EXERCISE DESCRIPTION —
Below are the records; return exactly the lines from the one with "镇江隐适美矫正价格！美中口腔全口隐适美已经五万八了" through the final line, both included, minus any pictures.

RECORDS SHOWN —
•••
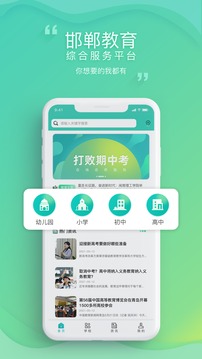 邯郸教服平台应用截图1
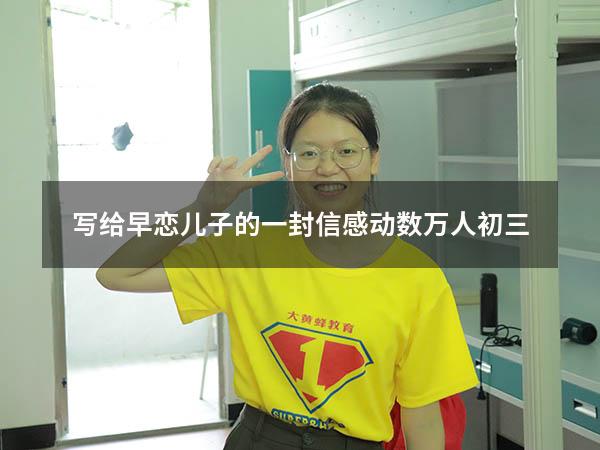 写给早恋儿子的一封信感动数万人初三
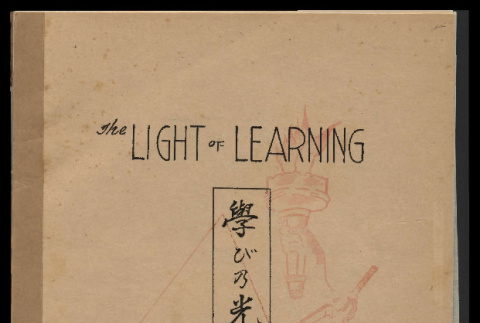 Light of learning (ddr-csujad-55-1825)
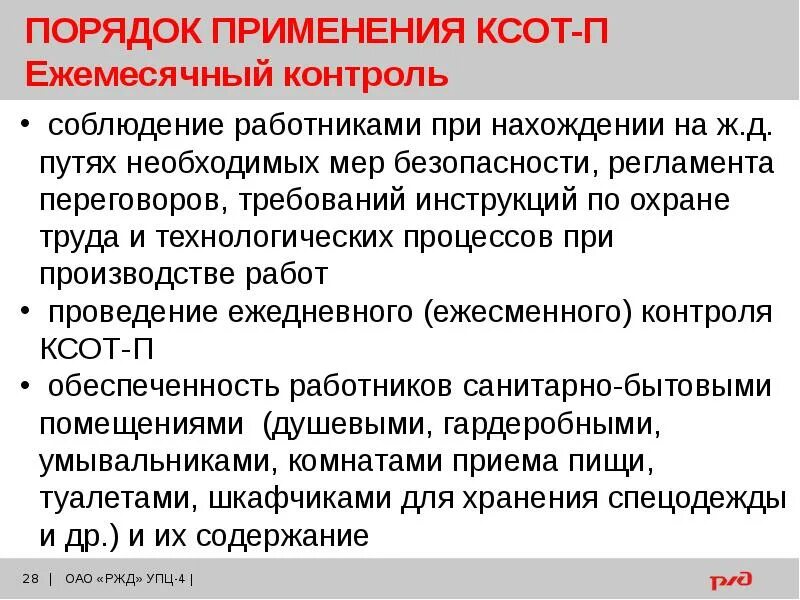 Ксот п по охране ржд. Санитарно-бытовое обеспечение работников охрана труда. КСОТ порядок проведения. Порядок проведения ежемесячного контроля по КСОТ-П. Порядок проведения КСОТ-П работниками.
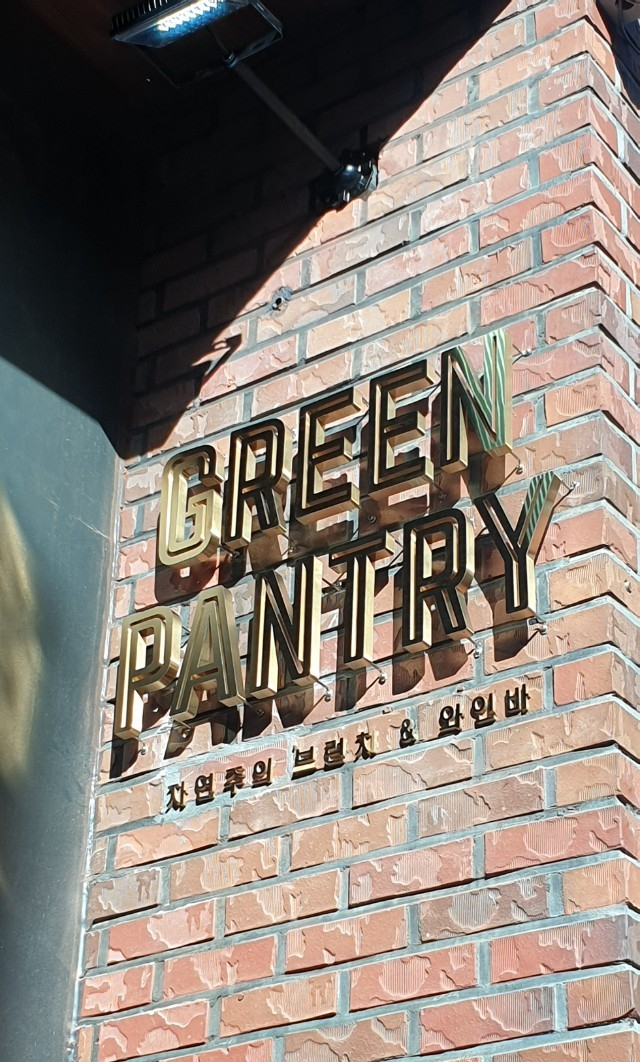 [연남동간판] GREEN PANTRY 비조명 티타늄 까치발 후광채널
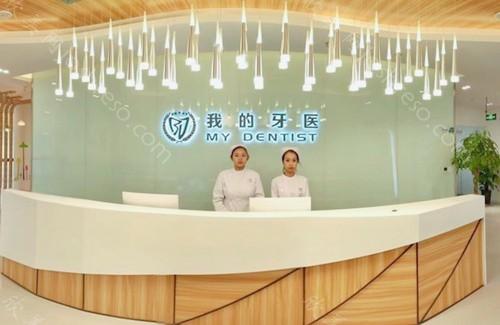 镇江隐适美矫正价格！美中口腔全口隐适美已经五万八了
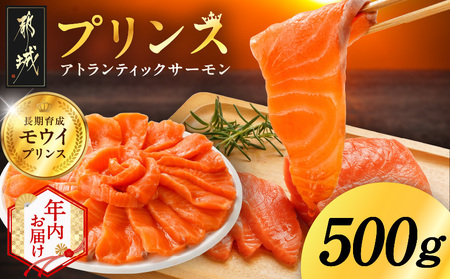 [年内お届け]プリンス アトランティックサーモン500g≪2025年12月15日〜31日お届け≫_11-M302-HNY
•••
TASK RESPONSE —
 镇江隐适美矫正价格！美中口腔全口隐适美已经五万八了
 [年内お届け]プリンス アトランティックサーモン500g≪2025年12月15日〜31日お届け≫_11-M302-HNY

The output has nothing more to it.